N’en déplaise aux esthétes de la hype, le rock ne se limite pas à quelques gimmicks de beaux gosses (moustachus, de préférence) en jean cravate et coupe au bol. Wolf Eyes en est la preuve la plus édifiante. Adoubé par Sonic Youth, ce trio originaire de Detroit dispense depuis 1996 sa profession de foi noise-punk au gré de ses exactions sonores, confidentiellement archivées sur leurs propres labels American Tapes (une cargaison de cassettes pour les aficionados) et Hanson Records (tanière de Kevin Drumm, Nautical Almanac, Galen, Smegma…), avant d’être sacrifiées sur l’autel du grunge. Leurs potes Black Dice signaient quelque temps plus tôt un pacte avec DFA, comme quoi tout est possible en ce bas monde. D’une brutalité et d’une intransigeance inouïe, amplis au taquet et headbanging en apnée, les performances live du trio, auxquelles la discographie fait écho, doivent beaucoup aux pionniers de la musique industrielle et du power electroniçs, Throbbing Gristle et Whitehouse bille en tête, mais aussi au doom-metal de Darkthrone, à l’énergie vindicatrice de Black Flag, au dub abyssal de King Tubby ou encore aux anti-heros de la No-Wave, cette brèche avant-gardiste qui continue vingt ans après à porter ses fruits.
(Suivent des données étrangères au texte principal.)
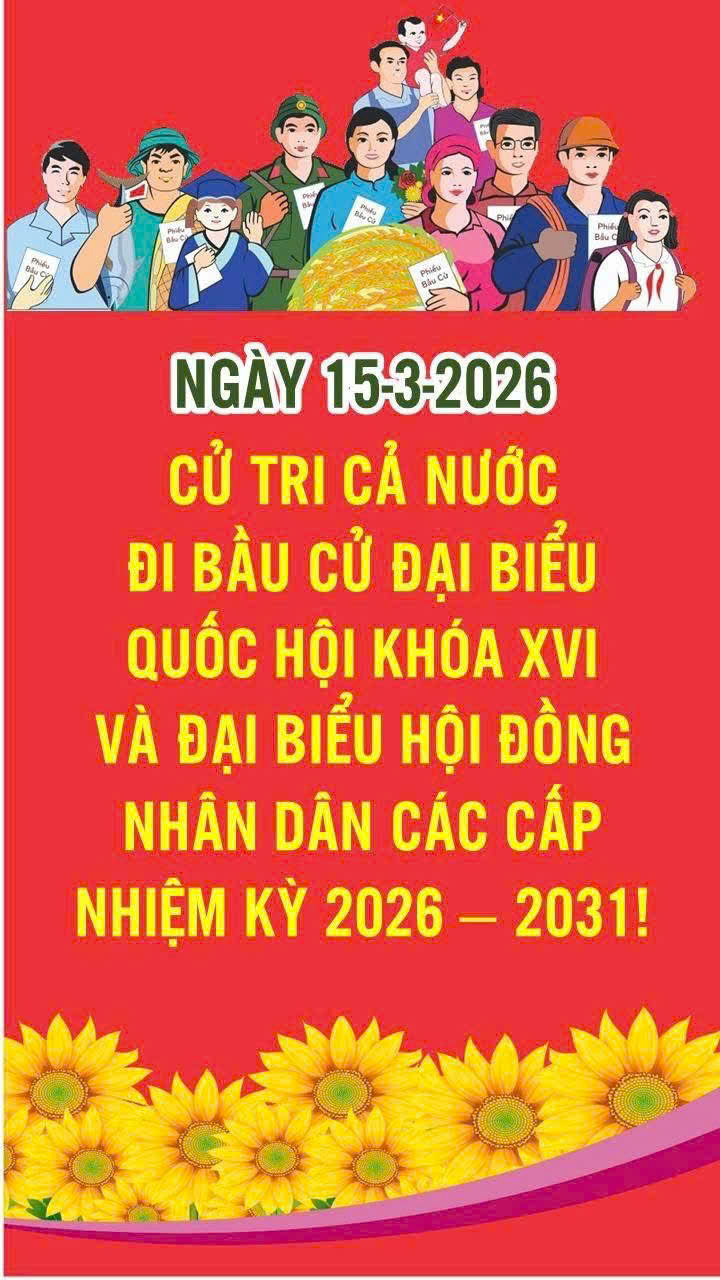 QUY TRÌNH TỔ CHỨC BẦU CỬ QUỐC HỘI VÀ HĐND CÁC CẤP NHIỆM KỲ 2026-2031- Ảnh 1.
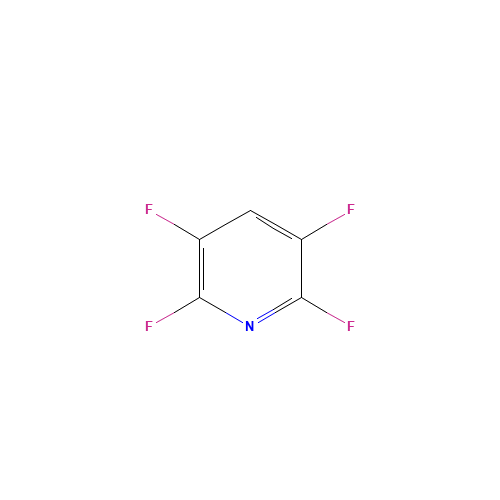 2875-18-5 2,3,5,6-Tetrafluoropyridine chemical structure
Guitare, voix, bandes, micros, instruments fait-maison et divers détritus électroniques (pas de laptop à l’horizon) servent de matrice à un chaos contenu, beaucoup plus maîtrisé qu’il n’y paraît de prime abord, puisant dans un imaginaire aussi tortueux qu’excitant, voire fun, pour qui fait l’effort de s’y engouffrer. Les titres de ce grand album de RRRock (judicieusement intitulé « Esprit Cramé ») ont le mérite d’annoncer la couleur : Black vomit, Urine burn, Stabbed in the face. Fans de bossa nova, passez votre route.

Abrasive et viscérale, aussi malsaine qu’un film d’horreur cra-cra des années 70, la musique de Wolf Eyes exorcise la part maudite de l’Amérique, pas celle que chantait Joe Dassin, mais plutôt sa frange païenne, ce territoire occulte sondé sans concession par la caméra d’Harmony Korine ou de Cameron Jaimie. Imaginez Lovecraft ancré dans la réalité crasse des teenagers du Michigan, Huysmans revisité par la skate-culture, Parmegiani sous LSD chez Jackass… Wolf Eyes embrasse l’impie, l’absurde et l’abject en un corpus sonore à foutre les jetons aux kids les plus hardcore. Pas cool cette ligne de basse taillée à la machette ?… longues plages d’oscillations analogiques… Ah bon, y’a pas d’instruments ?… coup de boutoir rythmique… vociférations… Putain, mais c’est un bootleg des Swans de 86 ou quoi ???… eeeeeuh…

Retour au lyrisme : les scansions vocales, dignes d’un lycanthrope en rut, se dissolvent dans un magma electro-statique pétri dans le feedback et la distorsion, jugulé par la pulsation sourde de circuits imprimés en bout de course. Half animal, half insane, c’est eux même qui le disent. Ca hulule à perdre haleine, ça suinte par tous les pores et on s’éviscère dans une torpeur moite à coup de tronçonneuse extorquée à Leatherface. Des bêtes, on vous dit. Ces miasmes électroniques auront beau rebuter les auditeurs non avertis, ils ouvrent les vannes à des émotions autrement plus intenses que d’énièmes apprenti-Stooges ou simili-Smiths montés en sauce chaque saison par la diaspora du marketing. Et c’est avec une jubilation de hyène que certaines têtes brûlées prendront goût à cette ode à la putréfaction, cathartique en diable. Soit la quintessence même du Rock, avec un grand R comme Rotten.